4. Representations and Warranties of Subscriber. By subscribing to the Offering, Subscriber (and, if Subscriber is purchasing the Securities subscribed for hereby in a fiduciary capacity, the person or persons for whom Subscriber is so purchasing) represents and warrants, which representations and warranties are true and complete in all material respects as of such Subscriber’s respective Closing Date(s):

 

(a) Requisite Power and Authority. Such Subscriber has all necessary power and authority under all applicable provisions of law to execute and deliver this Subscription Agreement, and other agreements required hereunder and to carry out their provisions. All action on Subscriber’s part required for the lawful execution and delivery of this Subscription Agreement and other agreements required hereunder have been or will be effectively taken prior to the Closing Date.
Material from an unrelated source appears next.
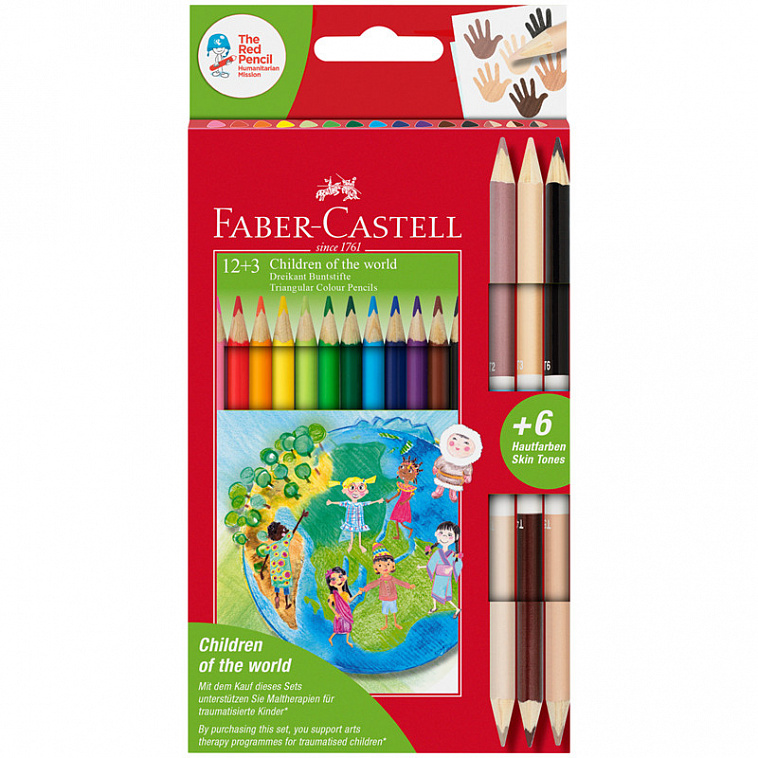 Набор карандашей цветных Faber-Castell "Дети мира" 12 цв., трехгран, заточ.+6цв., картон. упаковка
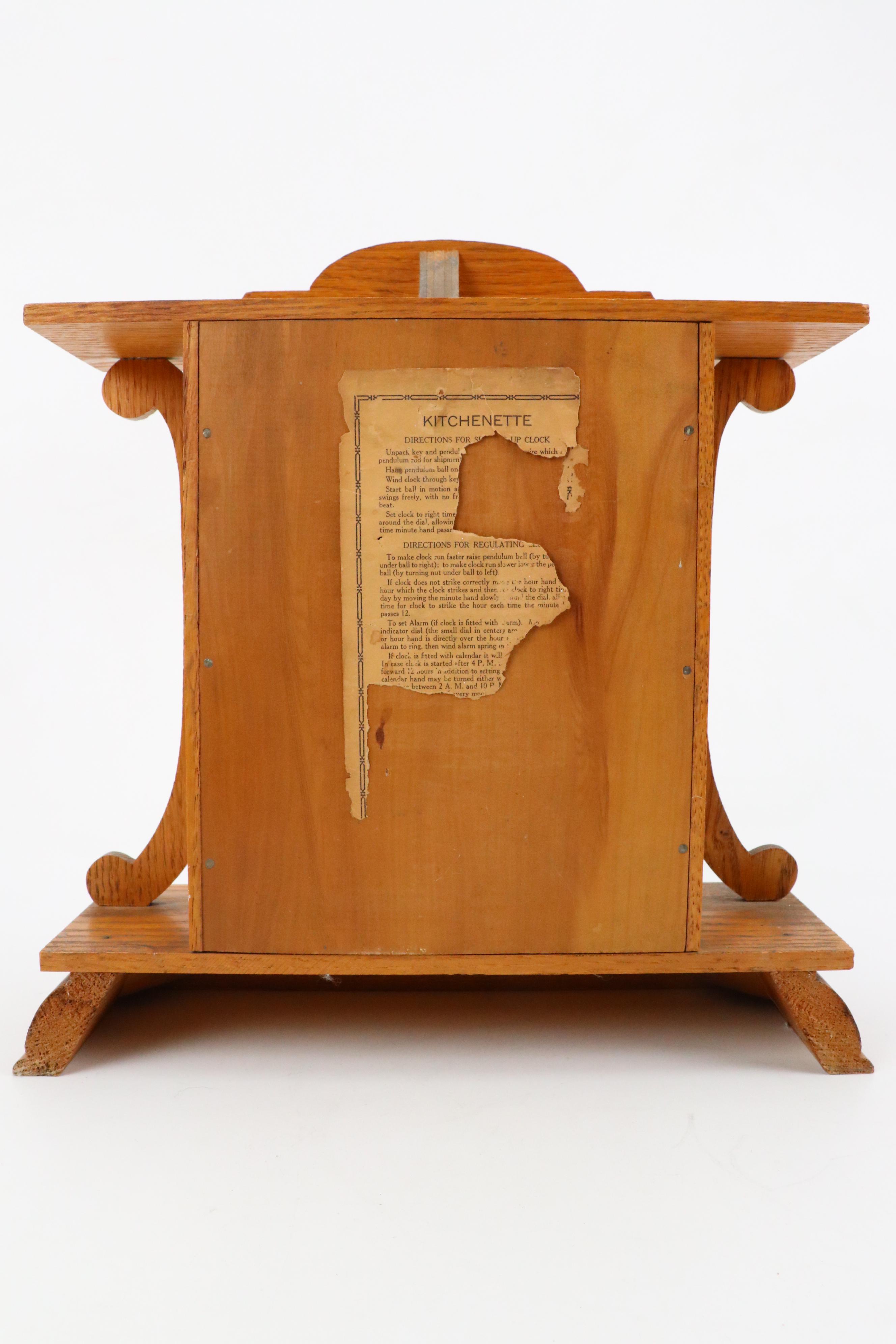 Ingraham "Kitchenette" Mantel Clock with Other Mantel Clock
By subscribing to the Offering, this Subscription Agreement and the Voting Trust Agreement and all other agreements required hereunder will be valid and binding obligations of Subscriber, enforceable in accordance with their terms, except (a) as limited by applicable bankruptcy, insolvency, reorganization, moratorium or other laws of general application affecting enforcement of creditors’ rights and (b) as limited by general principles of equity that restrict the availability of equitable remedies.

 

(b) Investment Representations. Subscriber understands that the Securities have not been registered under the Securities Act of 1933. Subscriber also understands that the Securities are being offered and sold pursuant to an exemption from registration contained in the Securities Act based in part upon Subscriber’s representations contained in this Subscription Agreement.

 

(c) Illiquidity and Continued Economic Risk. Subscriber acknowledges and agrees that there is no ready public market for the Securities and that there is no guarantee that a market for their resale will ever exist. Subscriber must bear the economic risk of this investment indefinitely and the Company has no obligation to list the Securities on any market or take any steps (including registration under the Securities Act or the Securities Exchange Act of 1934, as amended (the “Exchange Act”)) with respect to facilitating trading or resale of the Securities. Subscriber acknowledges that Subscriber is able to bear the economic risk of losing Subscriber’s entire investment in the Securities. Subscriber also understands that an investment in the Company involves significant risks and has taken full cognizance of and understands all of the risk factors relating to the purchase of Securities.

 

(d) Accredited Investor Status or Investment Limits. Subscriber represents that either:

 

(i) Subscriber is an “accredited investor” within the meaning of Rule 501 of Regulation D under the Securities Act; or

 

(ii) The purchase price set out in paragraph (b) of the signature page to this Subscription Agreement, together with any other amounts previously used to purchase Securities in this offering, does not exceed 10% of the greater of the Subscriber’s annual income or net worth.

 

Subscriber represents that to the extent it has any questions with respect to its status as an accredited investor, or the application of the investment limits, it has sought professional advice.

 

(e) Stockholder information. Within five days after receipt of a request from the Company, the Subscriber hereby agrees to provide such information with respect to its status as a stockholder (or potential stockholder) and to execute and deliver such documents as may reasonably be necessary to comply with any and all laws and regulations to which the Company is or may become subject. Subscriber further agrees that in the event it transfers any Securities, it will require the transferee of such Securities to agree to provide such information to the Company as a condition of such transfer.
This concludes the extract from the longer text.